= Cinci Hoca =

17th-century Ottoman spiritualist

Cinci Hoca (literally "hoca of jinn") is the epithet of Karabaşzade Hüseyin Efendi, a 17th-century Ottoman spiritualist whose influence on the sultan caused many problems in the empire.

== Life ==
He was born in Safranbolu (in modern province of Karabük, Turkey). According to Joseph von Hammer, he was a descendant of Sadrettin Konevi, a 13th-century Sufi. But unlike his famous ancestor, he made a name as a witch doctor and valide sultan (mother sultana) Kösem invited him to the palace to cure the unbalanced sultan Ibrahim. In 1643, Sultan Ibrahim appointed Cinci as the kadi of Galata and in 1644 as the kazasker of Anatolia (Anadolu kazaskeri) an appointment which caused a great reaction among the ulama.

==Influence==
Cinci used his increasing power to increase his wealth by accepting bribes.

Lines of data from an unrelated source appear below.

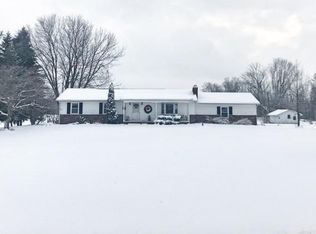 12115 Pekin Rd, Newbury, OH 44065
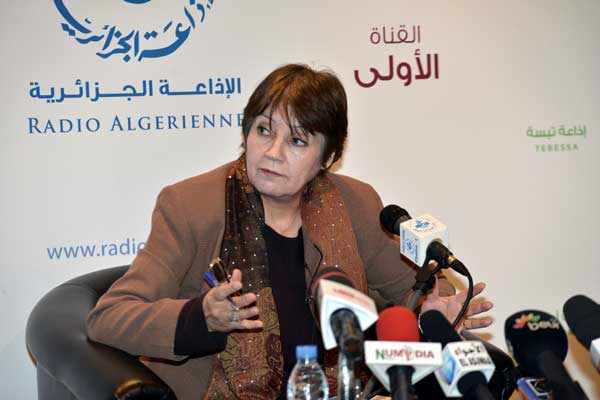 مسـابقة توظيف الأساتذة ستجري في موعدها شهـر مارس
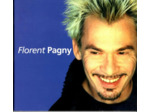 Cd Master Serie : Florent Pagny - Edition remasterisée avec livret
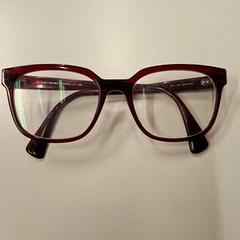 Ulleres Rood, segons ha informat Gemeente Hilversum mitjançant iLost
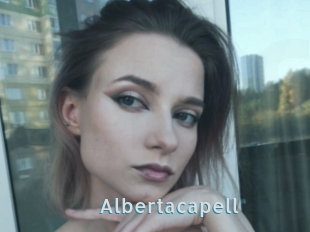 Albertacapell
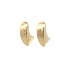 Gold Distinctive Earrings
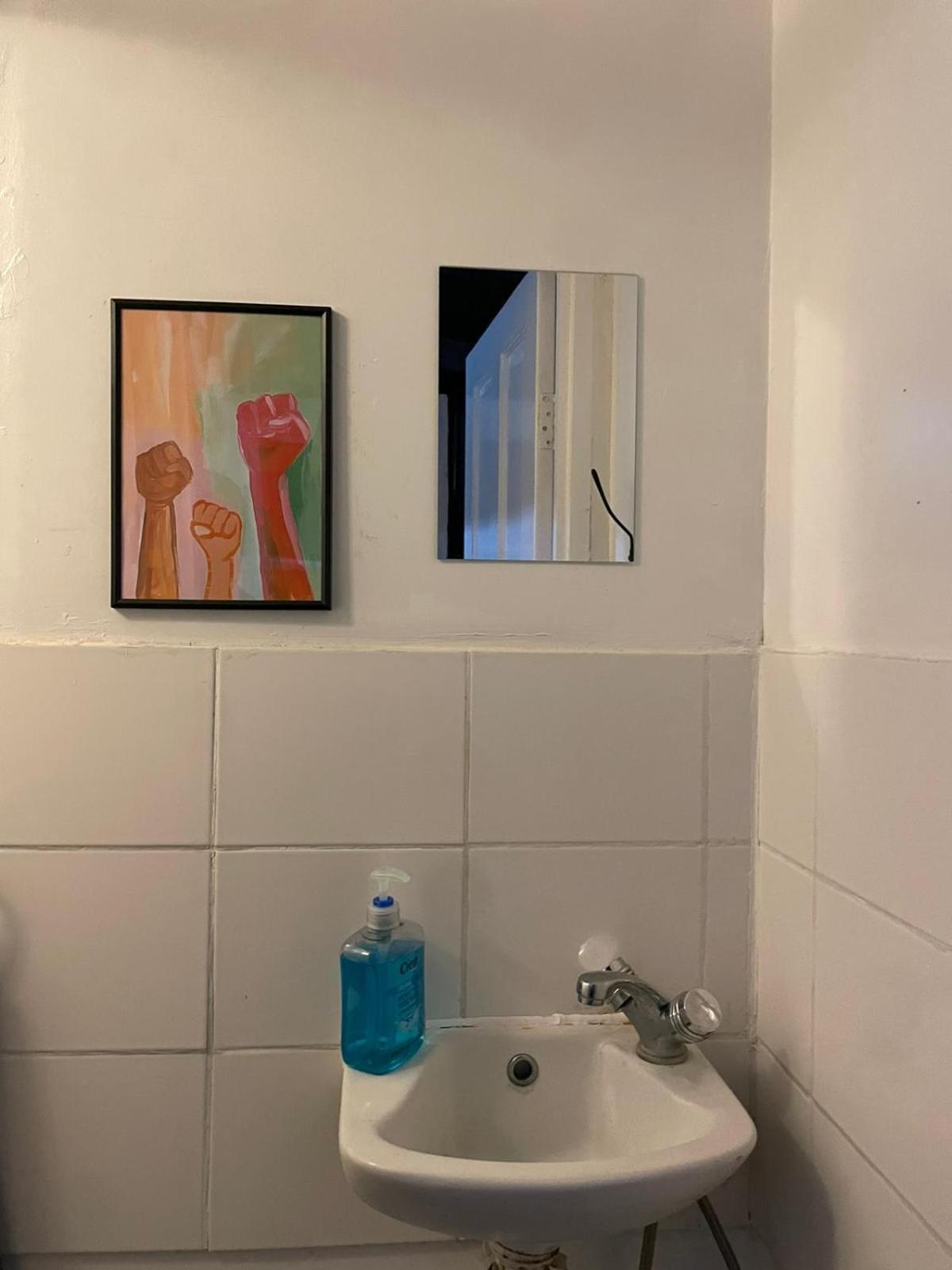 Cosy Double Rooms A Stones Throw From Wembley Stadium London Exterior photo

He was instrumental in executing the able grand vizier Kemankeş Mustafa Pasha in 1644. Seeing the end of his predecessor, the new grand vizier Semiz Mehmed Pasha became a very ineffective statesman.

==Death==
When Ibrahim was dethroned in 1648 and replaced by Mehmed IV, the new grand vizier Sofu Mehmed Pasha faced the problem of bonus salaries (culus bahşişi), the traditional salary paid to soldiers upon the enthronement of the new sultan. He confiscated Cinci's earnings and expelled Cinci to Damascus (now in Syria). But during his travel, Cinci fell ill in Mihalcık (now Karacabey in Bursa Province, Turkey). While staying in Mihalcık, he criticised the grand vizier and consequently he was executed.